Another misconception, which is mostly targeted at women in their thirties and older, is that women can pass their prime age of being reproductive while men can continue to have children if they desire, well into old age. In reality, however, one-third of infertility cases are caused by the male, one-third by the female, and one-third by both parties or by unknown reasons. It is also interesting to know, also, that fertility rates reduce in men, too, as they grow older. The big question remains, why are women made to carry this burden alone?
As a society that encourages procreation, I can argue that the stigma toward infertile women continues because women are viewed mainly as reproductive entities, rather than whole persons. Their reproductive abilities are emphasised, and as such, their inability to do so is considered a failure. A renowned doctor in reproductive health, Dr. Mahmoud Fathalla, writes of this as the unfair burden of women in reproductive health, where women are viewed as a means to an end – procreation, rather than as ends themselves. This is why many cases of women’s reproductive health concerns are only treated or considered a concern when it affects the woman’s ability to reproduce.

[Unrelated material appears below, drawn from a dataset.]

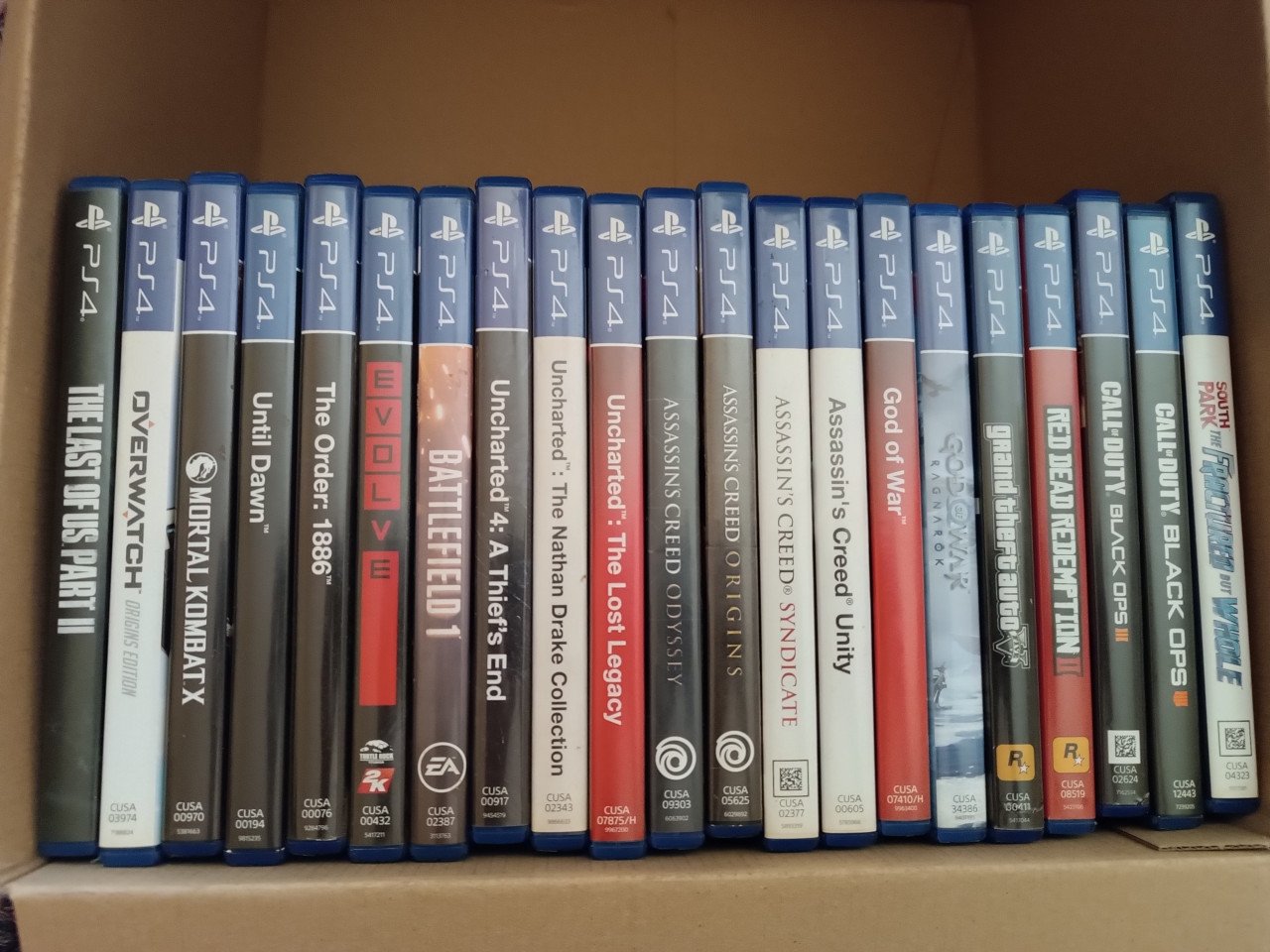 Playstation 4 1TB met 21 spellen en controller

There are a lot of things not yet understood about infertility, but perhaps we can re-educate ourselves in the ways that we address this problem. As it takes two to procreate, we can start by viewing the process as a burden shared by both parties rather than one. Also, for some reason, childbearing may not come easy for everyone, and it is not for lack of trying, but the inability to do so. We can learn compassion in this regard, and simply empathise rather than be overly critical.